Posted November 22, 2017 by Chris Hick in Film Reviews
 
 

A Clockwork Orange (1971) Dual Format Review


One of the most controversial, original and iconic films in cinema was from a director who changed genres whichever he turned to. He re-wrote the rules for the war movie, the horror genre, science-fiction and historical costumer. Yet, A Clockwork Orange (1971) was more indefinable as genre cinema. Some have seen it as Kubrick’s response to the type of reactionary youth cinema that appeared in the counter-culture with the likes of Easy Rider (1969). Of course, in the UK at any rate the controversy surrounding A Clockwork Orange followed Kubrick right up to his death in 2000. So strong was reaction to the films violence that his detractors stated that the film encouraged copy-cat violence leading to death threats sent to the American who by the late 1960s permanently settled in the UK. Fearing for his family Kubrick himself banned the film from being shown in the UK, a ban that remained in place until after his death.

The version released as the latest in the Warner Premium Collection dual format releases once again sees the series of documentaries originally on a 40th anniversary edition from 2011. As before the image is sharp and pristine and for those who have not seen the recent transfers will see the film in a whole new light, with the violence in sharp focus even more than ever before with McDowell’s Alex turning on his fellow Droogs as he knocks them all (in slow motion) into a lake.

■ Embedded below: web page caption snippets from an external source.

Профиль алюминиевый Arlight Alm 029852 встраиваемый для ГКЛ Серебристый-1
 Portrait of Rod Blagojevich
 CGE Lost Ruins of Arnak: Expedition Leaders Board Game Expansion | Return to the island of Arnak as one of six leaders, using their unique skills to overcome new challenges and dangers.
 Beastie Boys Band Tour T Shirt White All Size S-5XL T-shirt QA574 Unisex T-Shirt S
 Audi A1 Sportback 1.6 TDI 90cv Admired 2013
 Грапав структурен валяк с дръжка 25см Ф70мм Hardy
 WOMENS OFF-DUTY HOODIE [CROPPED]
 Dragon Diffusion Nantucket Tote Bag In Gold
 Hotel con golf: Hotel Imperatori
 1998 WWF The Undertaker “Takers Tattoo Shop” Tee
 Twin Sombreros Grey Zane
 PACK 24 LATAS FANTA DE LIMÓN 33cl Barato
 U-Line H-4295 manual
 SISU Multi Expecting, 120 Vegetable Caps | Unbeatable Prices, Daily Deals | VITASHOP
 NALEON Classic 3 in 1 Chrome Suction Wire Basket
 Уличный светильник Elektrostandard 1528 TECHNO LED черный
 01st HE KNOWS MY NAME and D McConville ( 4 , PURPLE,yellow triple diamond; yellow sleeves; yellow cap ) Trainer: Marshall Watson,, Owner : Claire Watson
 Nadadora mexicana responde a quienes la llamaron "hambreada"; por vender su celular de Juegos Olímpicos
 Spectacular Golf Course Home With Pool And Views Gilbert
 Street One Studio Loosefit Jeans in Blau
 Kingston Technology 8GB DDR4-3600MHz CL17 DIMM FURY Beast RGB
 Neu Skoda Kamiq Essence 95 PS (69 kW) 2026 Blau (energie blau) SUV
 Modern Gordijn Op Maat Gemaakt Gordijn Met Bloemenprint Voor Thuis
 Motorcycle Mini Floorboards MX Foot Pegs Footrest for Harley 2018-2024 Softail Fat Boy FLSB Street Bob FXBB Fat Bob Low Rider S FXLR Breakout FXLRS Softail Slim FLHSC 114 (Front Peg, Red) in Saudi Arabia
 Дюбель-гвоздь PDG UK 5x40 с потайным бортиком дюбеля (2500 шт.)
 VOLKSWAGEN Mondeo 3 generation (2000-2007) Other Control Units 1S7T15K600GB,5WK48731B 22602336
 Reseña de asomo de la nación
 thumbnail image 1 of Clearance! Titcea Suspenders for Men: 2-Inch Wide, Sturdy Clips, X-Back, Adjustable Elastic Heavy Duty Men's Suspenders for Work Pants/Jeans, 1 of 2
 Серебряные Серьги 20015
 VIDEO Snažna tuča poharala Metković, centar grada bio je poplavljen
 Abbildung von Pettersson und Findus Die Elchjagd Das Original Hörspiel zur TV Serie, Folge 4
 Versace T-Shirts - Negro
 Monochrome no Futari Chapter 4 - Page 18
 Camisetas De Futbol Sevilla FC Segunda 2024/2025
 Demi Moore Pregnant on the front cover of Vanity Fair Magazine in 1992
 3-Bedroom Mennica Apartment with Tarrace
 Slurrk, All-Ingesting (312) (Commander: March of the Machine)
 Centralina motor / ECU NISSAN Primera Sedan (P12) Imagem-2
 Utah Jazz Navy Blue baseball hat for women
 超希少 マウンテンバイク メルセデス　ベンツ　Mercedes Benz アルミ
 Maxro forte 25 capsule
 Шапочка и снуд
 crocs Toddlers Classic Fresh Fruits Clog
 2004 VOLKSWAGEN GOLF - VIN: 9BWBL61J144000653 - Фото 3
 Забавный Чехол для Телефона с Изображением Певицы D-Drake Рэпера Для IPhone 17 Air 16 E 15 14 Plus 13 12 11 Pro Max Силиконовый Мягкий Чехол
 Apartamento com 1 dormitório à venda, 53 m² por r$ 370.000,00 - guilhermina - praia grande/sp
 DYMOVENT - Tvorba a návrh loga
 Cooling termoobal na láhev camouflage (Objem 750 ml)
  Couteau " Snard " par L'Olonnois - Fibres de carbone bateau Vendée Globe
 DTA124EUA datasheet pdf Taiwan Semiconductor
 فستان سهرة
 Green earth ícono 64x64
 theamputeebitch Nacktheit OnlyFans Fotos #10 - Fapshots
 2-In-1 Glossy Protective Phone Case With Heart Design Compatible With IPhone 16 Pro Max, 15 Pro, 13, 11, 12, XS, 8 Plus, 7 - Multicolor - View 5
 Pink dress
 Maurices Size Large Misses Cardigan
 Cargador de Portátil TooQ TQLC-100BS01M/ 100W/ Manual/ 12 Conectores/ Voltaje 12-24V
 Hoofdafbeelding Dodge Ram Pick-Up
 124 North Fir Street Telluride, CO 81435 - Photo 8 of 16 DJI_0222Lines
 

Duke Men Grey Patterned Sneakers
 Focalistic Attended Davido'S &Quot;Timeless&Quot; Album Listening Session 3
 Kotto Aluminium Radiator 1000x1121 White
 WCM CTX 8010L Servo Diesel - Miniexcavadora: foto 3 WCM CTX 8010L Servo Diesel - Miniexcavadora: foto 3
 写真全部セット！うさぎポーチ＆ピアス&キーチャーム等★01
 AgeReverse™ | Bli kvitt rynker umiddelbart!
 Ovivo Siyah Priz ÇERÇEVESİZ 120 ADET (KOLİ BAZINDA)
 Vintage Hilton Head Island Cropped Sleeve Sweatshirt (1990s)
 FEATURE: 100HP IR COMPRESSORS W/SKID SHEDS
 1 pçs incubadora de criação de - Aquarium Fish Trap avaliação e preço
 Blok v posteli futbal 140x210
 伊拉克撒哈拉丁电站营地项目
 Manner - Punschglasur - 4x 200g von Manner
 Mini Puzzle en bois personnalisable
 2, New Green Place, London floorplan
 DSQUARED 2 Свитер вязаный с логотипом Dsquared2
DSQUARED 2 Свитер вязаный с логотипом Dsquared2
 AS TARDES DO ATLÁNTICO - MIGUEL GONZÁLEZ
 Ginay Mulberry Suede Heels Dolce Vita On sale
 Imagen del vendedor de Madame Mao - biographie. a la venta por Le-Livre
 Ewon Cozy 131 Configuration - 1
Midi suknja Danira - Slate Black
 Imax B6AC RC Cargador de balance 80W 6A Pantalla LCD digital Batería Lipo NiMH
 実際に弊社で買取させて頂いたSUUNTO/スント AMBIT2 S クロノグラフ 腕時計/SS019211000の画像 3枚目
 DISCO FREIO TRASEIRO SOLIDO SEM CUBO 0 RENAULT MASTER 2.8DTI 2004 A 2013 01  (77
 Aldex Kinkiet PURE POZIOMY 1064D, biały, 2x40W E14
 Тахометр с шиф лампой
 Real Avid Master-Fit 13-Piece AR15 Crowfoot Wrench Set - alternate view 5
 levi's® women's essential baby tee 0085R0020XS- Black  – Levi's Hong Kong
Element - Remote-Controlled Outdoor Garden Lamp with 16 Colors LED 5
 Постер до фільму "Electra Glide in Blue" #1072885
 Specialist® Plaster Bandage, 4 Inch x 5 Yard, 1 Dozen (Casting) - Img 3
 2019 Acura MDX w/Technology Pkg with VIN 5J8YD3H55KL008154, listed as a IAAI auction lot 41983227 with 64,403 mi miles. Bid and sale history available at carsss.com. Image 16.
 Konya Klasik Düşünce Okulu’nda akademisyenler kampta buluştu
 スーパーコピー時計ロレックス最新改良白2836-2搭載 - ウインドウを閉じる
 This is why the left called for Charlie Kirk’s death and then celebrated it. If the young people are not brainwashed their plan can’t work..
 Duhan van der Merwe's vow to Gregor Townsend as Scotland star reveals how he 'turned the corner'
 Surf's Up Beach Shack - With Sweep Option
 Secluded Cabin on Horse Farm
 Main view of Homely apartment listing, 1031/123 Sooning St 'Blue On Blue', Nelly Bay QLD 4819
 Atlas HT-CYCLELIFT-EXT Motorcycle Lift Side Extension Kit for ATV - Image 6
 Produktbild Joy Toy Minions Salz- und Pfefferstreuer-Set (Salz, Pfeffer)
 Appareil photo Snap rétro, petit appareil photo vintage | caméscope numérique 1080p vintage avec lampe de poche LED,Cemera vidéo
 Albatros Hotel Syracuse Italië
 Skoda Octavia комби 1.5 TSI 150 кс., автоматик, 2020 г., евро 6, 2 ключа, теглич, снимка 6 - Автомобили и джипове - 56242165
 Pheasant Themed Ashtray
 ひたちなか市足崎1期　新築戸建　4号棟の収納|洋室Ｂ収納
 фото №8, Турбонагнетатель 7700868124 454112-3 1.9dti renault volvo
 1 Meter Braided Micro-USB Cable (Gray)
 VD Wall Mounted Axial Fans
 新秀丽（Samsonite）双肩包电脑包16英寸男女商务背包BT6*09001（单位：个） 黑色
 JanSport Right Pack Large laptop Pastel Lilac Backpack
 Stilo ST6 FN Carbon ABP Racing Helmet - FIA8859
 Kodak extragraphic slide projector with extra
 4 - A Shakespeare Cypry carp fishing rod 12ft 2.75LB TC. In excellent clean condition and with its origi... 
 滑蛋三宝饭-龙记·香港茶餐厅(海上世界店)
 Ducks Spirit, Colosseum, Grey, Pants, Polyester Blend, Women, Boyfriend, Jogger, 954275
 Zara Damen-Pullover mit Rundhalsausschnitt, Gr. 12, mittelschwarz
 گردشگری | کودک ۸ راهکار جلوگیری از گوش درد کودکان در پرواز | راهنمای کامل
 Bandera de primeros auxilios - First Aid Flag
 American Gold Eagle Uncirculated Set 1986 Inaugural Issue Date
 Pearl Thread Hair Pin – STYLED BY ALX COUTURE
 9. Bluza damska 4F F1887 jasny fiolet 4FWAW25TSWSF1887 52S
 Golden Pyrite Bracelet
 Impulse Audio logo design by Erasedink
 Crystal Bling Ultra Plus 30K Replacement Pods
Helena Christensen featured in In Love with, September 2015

Made on a low budget for Kubrick this did present Kubrick with many challenges but the director overcame much of this with shooting on such dystopian looking locations as Thamesmead new town or a Wandsworth underpass. Of course based off Anthony Burgess’s 1962 novel, the book (and the film) created a new language in this dark dystopian vision of a near future. Kubrick remained faithful to the novel while Kubrick created a look for the film that was both very much of its age and of a future world in which society seems to be very fractured. The look of the Droogs is typical of that: white boiler suits, DM boots, bowler hats and canes and, for Alex, false eyelashes over the right hand side.

The film opens with Alex’s (Malcolm McDowell) famous narrated monologue introducing himself as the “faithful narrator” as he introduces his Droogs as they prepare for a night of the “old ultra-violence”. From the get-go Kubrick controversially allows us be sympathetic to the violent asocial Alex as we are made aware of his love of Beethoven’s music. After beating up a wino in an underpass, Alex and his gang go to the Moloko Bar where they drink ‘milk plus’, drug laced milk and decide to go out for some “ultra-violence”. In a strange back projection they speed in a sports car, a crazy faced Alex and his Droogs come upon the house of a writer and his wife (Patrick Magee and Adrienne Corri). They talk their way in and proceed to trash the house, brutally raping the wife and beat the writer (as Alex cheerfully sings ‘Singin’ in the Rain’. You’ll never hear this song the same way again). This scene was seen as particularly shocking and is one of the key scenes of the film, but as far as the filmmakers were concerned, it was supposed to be shocking.

Later Alex enjoys sexual liaisons, lives a lazy life in the high rise he lives in with his parents and is visited by his eccentric and sadistically camp probation officer, Mr. Deltoid (in a very mannered and camp performance by Aubrey Morris). But he turns on his fellow Droogs who in turn also set-up Alex. When they attack the home of a woman known as Catwoman (Miriam Karlin), Alex attacks the woman with an art piece phallus and kills her. He is sentanced to 14 years in prison and passes his time keeping his nose clean. He hears of a treatment called the Ludovico Treatment that could offer him the opportunity for early parole if he undertakes the treatment. He is selected and finds the treatment in which he is given drugs, forced to keep his eyes open and is subjected to repeated violent imagery. This has the effect that Alex feels nauseus and sick at any suggestion of violence or sex. Released back into society this proves more difficult than he thought.

The dual format release is laced with many interesting extras, many of which are led by McDowell himself who clearly had the greatest of respect for the director (although he was sad that Kubrick never spoke to him again after the film was finished) and proud of his legacy for the film as is clear as he presents some of the extras here. It became the film that defined both their careers. McDowell says he never auditioned for the role, but the director wanted him after seeing him in his first film, If…. (1968). A very worthy release and one for any collector of cult cinema or cinema lovers even if it is difficult viewing for some even today as both Kubrick and McDowell made a thoroughly despicable character who rapes and commits violence into a sympathetic one.